Of course, the stunt got Oliver a lot of laughs as well as attention, but as the host himself professed: the offer wasn’t really a joke. There was a real contract involved, vetted by lawyers, who, to Oliver’s surprise, told him that offering to buy a Supreme Court justice off the court with money and a vehicle was “somehow legal,” though Oliver himself agreed “it really feels like it shouldn’t be.”

He made another point about it not really being a joke, which was a sly commentary on what kind of show “Last Week Tonight” really is:

“If you watch our show, you know jokes aren’t really our thing.”

No, points are really their thing: eye-opening, wow-I-didn’t-really-know-that, points.

A lot of late-night shows make serious subjects the target of their comedy: politics, of course; public corruption; health care sometimes; air safety, and the like.

“Last Week Tonight” deals in all that too, but not for a few jokes here and there—for 20 minutes or so per topic. Last night the focus was student loans, and if you paid attention you learned a lot. Even if you, yourself went through a decade or so of paying them back.

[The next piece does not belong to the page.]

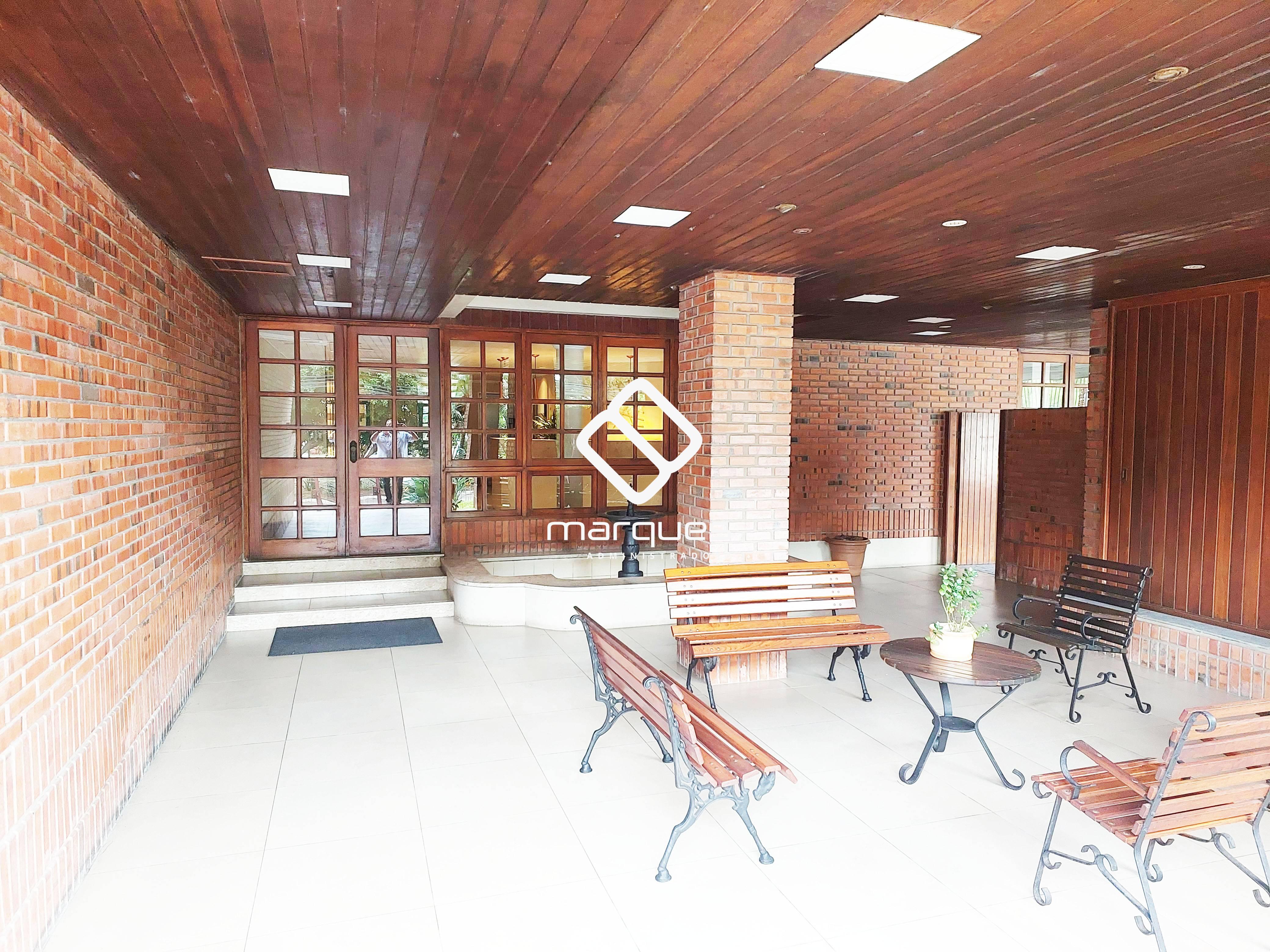 Apartamento com 3 quartos, 2 banheiros e 170m² à venda no bairro Centro, Pelotas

Was it funny? It was occasionally, in jabs and asides mostly. But it was certainly pointed, delineating (what other late-night show delineates anything?) the outrageous costs of college, and the infuriating rules and procedures that make paying the loans back a scandal worthy of political response, despite dismissal by the grievance-addicts who hate any idea of government helping people they like to sneer at.

Making fun of those people was where the bulk of the laughs came in, with special servings of comeuppance delivered to Jesse Watters of Fox News, who was on tape going defcon-1 aggrieved because some neighbor’s “dumb daughter,” who might have gotten an advanced degree in anthropology, backed her car into his and didn’t leave a note—and he sure wasn’t going to be on the hook paying for her student loans.

Oliver was amazed Watters even had neighbors, lived in a community with other people who see him on the street and “yet he thinks someone hit his car by mistake? And there’s only one suspect? That’s absurd. The whole town probably takes turns driving into his car.”

That was big-laugh funny. But another peculiarity in Oliver’s show is that he doesn’t really allow the audience to laugh very long because the show is packed with things it wants to say—and Oliver has to say them veryveryquickly. And usually pretty loudly.

It is a hybrid show—one part 60 Minutes, one part Frontline with a dash of The Daily Show—but usually a compelling one, even if there aren’t many real jokes and the subject can be a little arcane.

Those elements account for why it has won so many Emmy awards; it seems like several thousand at this point. Until the categories were changed this year, the other late-night shows were a bit aggrieved themselves to be in the same category because they made 4-5 shows a week to Oliver’s one.

That was a fair argument, which in no way diminished the work Last Week Tonight does, nor Oliver’s ability in delivering it.

Oliver, like many other comedy talents, headed by Stephen Colbert, came out from under Jon Stewart’s overcoat. When Stewart took a break from hosting The Daily Show, Oliver was given a shot to fill in for six weeks and he killed it.

So much so that he seemed destined at the time to be Stewart’s natural successor. Unfortunately, Comedy Central had failed to put a little rider in Oliver’s contract securing him for the network before he was put in Stewart’s chair for that run.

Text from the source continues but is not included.